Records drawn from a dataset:
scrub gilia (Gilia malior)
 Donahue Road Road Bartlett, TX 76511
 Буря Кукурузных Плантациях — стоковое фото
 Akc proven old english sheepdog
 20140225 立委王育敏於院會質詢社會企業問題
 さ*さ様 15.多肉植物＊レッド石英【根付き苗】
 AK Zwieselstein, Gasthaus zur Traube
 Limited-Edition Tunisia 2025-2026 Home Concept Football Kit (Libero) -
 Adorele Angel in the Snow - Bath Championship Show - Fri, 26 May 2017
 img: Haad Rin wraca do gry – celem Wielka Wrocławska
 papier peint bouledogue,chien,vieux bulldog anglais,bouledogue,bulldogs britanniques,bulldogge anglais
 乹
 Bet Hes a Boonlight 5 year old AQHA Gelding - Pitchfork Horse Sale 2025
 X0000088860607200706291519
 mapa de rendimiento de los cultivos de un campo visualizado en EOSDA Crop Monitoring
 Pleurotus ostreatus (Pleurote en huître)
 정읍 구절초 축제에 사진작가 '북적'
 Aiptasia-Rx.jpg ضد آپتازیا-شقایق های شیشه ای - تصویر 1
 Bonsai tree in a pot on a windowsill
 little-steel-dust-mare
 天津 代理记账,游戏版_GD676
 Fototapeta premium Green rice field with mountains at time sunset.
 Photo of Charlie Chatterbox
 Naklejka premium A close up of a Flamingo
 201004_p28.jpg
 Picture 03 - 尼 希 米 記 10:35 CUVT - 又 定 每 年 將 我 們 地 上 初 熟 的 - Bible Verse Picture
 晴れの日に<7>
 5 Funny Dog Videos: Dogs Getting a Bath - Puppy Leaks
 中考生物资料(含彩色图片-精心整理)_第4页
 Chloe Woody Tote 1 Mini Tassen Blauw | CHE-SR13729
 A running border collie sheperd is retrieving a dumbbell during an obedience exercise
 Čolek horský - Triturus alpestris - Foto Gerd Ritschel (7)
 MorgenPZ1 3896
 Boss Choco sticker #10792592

- WHAT YOU NEED TO DO: Reply with one number only: the count of lines in the entries that contain "premium".

- FINISHED TASK: 2